Around 4.2 million adults in England have undiagnosed hypertension, with younger people and those in otherwise good health among those most likely to be unaware they have the condition, figures showed.
Professor Bryan Williams, president of the International Society of Hypertension, described the figures as "shocking but alas, not surprising". Prof Williams, who is a hypertension specialist at University College London Hospitals NHS Foundation Trust, said: "They highlight an ongoing challenge we face in that many people do not get their blood pressure checked and are not aware they have hypertension."
The Office for National Statistics (ONS) estimated that 32% of adults living in private households had hypertension and that among those, 29% were undiagnosed.
The latest statistics revealed that prevalence increased with age for both sexes, with 7% of males and 4% of females aged 16-24 years having hypertension, rising to 66% of males and 71% of females among those aged 75 years and older.
Undiagnosed Younger Adults
However, the latest figures showed that 66% of males and 26% of females with hypertension who were aged 16-24 years were likely to be undiagnosed.
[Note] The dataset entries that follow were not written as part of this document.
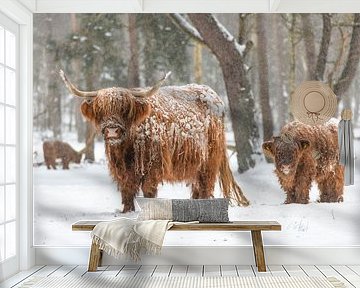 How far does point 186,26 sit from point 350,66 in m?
1.70

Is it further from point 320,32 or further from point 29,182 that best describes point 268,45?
point 29,182

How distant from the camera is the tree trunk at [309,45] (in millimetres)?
7254

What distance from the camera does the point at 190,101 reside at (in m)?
7.29

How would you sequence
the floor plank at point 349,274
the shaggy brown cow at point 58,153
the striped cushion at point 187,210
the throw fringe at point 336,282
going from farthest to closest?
the shaggy brown cow at point 58,153 → the striped cushion at point 187,210 → the floor plank at point 349,274 → the throw fringe at point 336,282

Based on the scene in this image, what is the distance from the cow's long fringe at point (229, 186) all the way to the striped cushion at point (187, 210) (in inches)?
17.2

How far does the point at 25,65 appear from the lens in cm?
700

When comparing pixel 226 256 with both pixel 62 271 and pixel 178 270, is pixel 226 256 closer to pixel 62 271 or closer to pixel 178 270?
pixel 178 270

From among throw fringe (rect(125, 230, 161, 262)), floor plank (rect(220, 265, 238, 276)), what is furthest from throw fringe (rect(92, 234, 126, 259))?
floor plank (rect(220, 265, 238, 276))

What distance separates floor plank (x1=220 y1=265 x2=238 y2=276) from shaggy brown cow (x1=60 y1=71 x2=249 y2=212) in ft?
2.15

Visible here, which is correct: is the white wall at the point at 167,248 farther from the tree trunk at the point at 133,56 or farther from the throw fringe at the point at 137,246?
the throw fringe at the point at 137,246

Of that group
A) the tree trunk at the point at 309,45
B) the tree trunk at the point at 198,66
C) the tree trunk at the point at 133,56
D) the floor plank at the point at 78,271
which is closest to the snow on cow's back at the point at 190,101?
the tree trunk at the point at 198,66

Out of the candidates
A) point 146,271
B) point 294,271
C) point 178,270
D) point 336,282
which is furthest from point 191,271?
point 336,282

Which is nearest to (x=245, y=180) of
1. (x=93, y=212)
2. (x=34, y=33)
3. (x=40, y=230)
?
(x=93, y=212)

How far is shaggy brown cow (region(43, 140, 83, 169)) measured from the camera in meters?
7.33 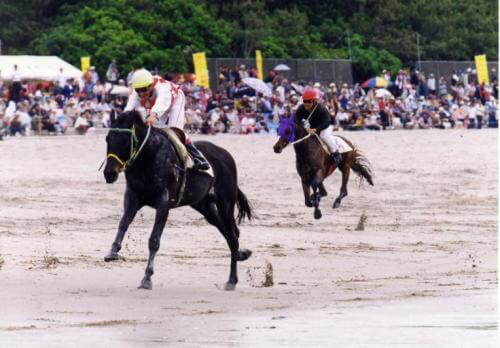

Among those aged 25-34 years, the proportion was 55% of males and 44% of females, the ONS reported.
"Our analysis found that while the prevalence of hypertension increased with age and other known risk factors such as high BMI and poor general health, there are considerable numbers of younger, healthier people who are undiagnosed," commented Chris Shrine from the ONS's analytical hub.
Commenting on Twitter , Dr Pauline Swift from the charity Blood Pressure UK said: "In recent years we have seen an increase in younger patients with high blood pressure, often as a result of poor diet, consuming too much salt and lack of exercise leading to weight gain."
When applied across private households, the ONS estimated that 140,000 males and 30,000 females aged 16-24 years had undiagnosed hypertension, compared with 220,000 males and 380,000 females aged 75 years and over.
The ONS analysis estimated that men aged 55-64 years had the highest proportion of undiagnosed cases of hypertension, with around half-a-million cases, followed by women between the ages of 65-74, with around 460,000 cases going undiagnosed.
Prevalence of hypertension for men was highest in the North West of England and lowest in the South East and East of England whilst for women, prevalence was highest in the East Midlands and lowest in the South East.
Adults with hypertension were more likely to be undiagnosed if their self-reported general health was 'very good or good' (males 41%, females 28%) compared with 'fair' (males 21%, females 14%) or 'bad or very bad' (males 18%, females 14%).
Adults from a Black ethnic background, who had no educational qualifications, worked in semi-routine occupations, and were single were at particularly high risk of having hypertension. Other groups most likely to be undiagnosed included males living in rural areas, living in regions other than London, or who had never regularly smoked, and females who were married or in a civil partnership, had degree-level or equivalent qualifications, or who worked for small employers or were self-employed.
The estimate that 32% of the adult population living in private households had hypertension was higher than the 28% figure for 2019, but statisticians said there were differences in the way the condition was defined between the two years. Research published in January this year in the journal Nature Medicine found a decline in the number of antihypertensive medications dispensed during the COVID-19 pandemic between March 2020 and July 2021 in England, Scotland, and Wales, with 491,306 fewer individuals starting treatment than expected.
The ONS analysis, which was based on results from the Health Survey for England, was intended to inform health services, and "may also raise awareness among the general population, leading to more timely diagnoses in the future", said Mr Shine.
Commenting on the statistical analysis, Professor Bryan Williams, president of the International Society of Hypertension, tweeted : "If I have a simple message, it is: get your blood pressure checked and don't ignore it if it is high."